▶ **REQUIRED ACTION**
Return exactly the lines of the data below, from the one that contains "Sau: Tạo hình" through the final line, and leave out every picture.

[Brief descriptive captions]
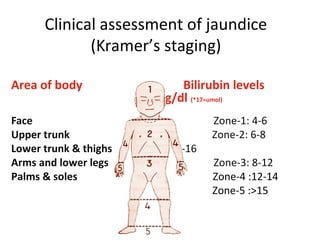 Kramer Test NEONATAL JAUNDICE 8/12/2015(HOWRAH) | PPT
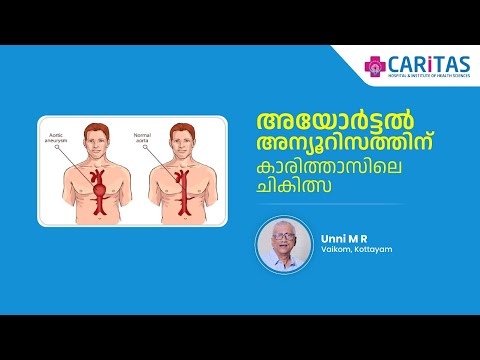 Treatment for aortic aneurysm at Caritas
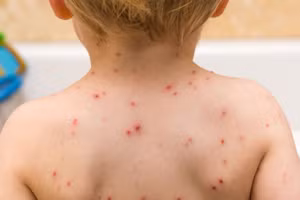 Ca mắc thủy đậu tại Hà Nội tăng cao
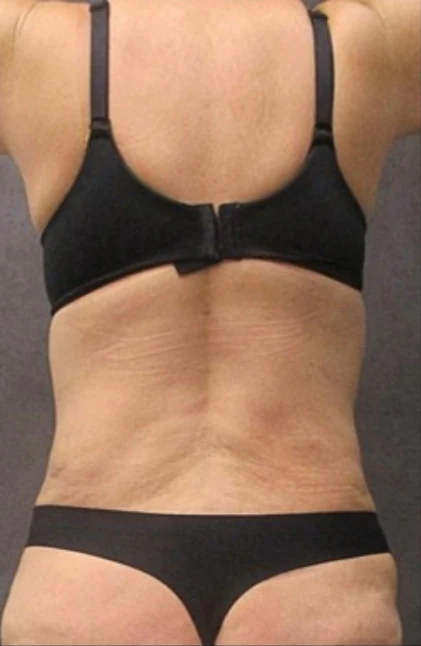 Sau: Tạo hình thành bụng (tummy tuck) & Hút mỡ 360 vùng eo và hông — mặt sau · thực hiện bởi Angelo Cuzalina, MD, DDS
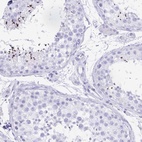 Anti-CATSPER4 Antibody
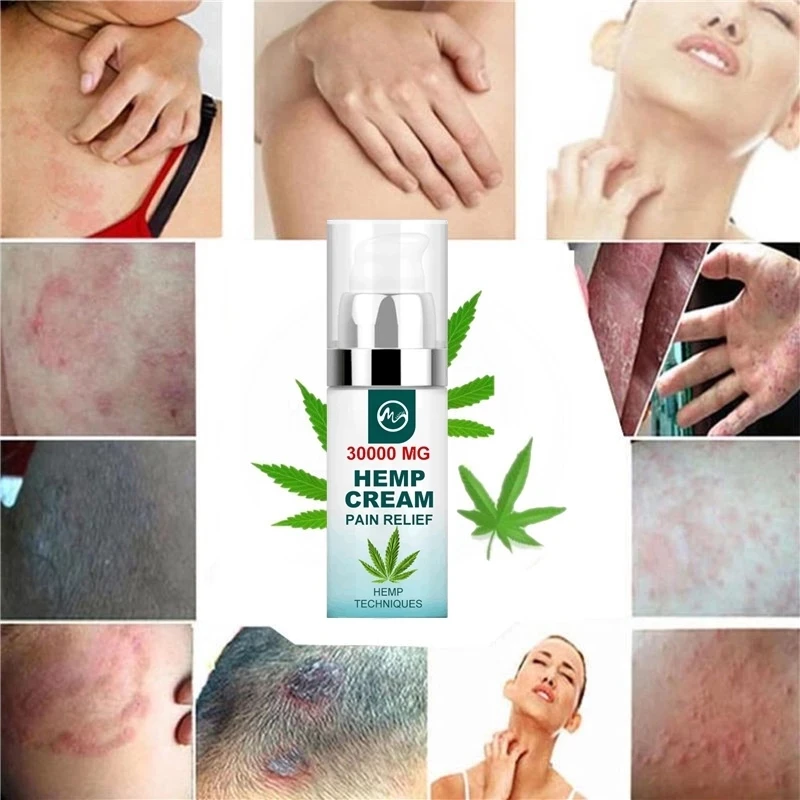Minch-50ml-Pain-Relief-CBD-Hemp-Seed-Cream-For-Neck-Pain-30000-MG-Neck-Relief-Cream.jpg_Q90.jpg_.webp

▶ **EXERCISE RESULT**
 Sau: Tạo hình thành bụng (tummy tuck) & Hút mỡ 360 vùng eo và hông — mặt sau · thực hiện bởi Angelo Cuzalina, MD, DDS
 Anti-CATSPER4 Antibody
Minch-50ml-Pain-Relief-CBD-Hemp-Seed-Cream-For-Neck-Pain-30000-MG-Neck-Relief-Cream.jpg_Q90.jpg_.webp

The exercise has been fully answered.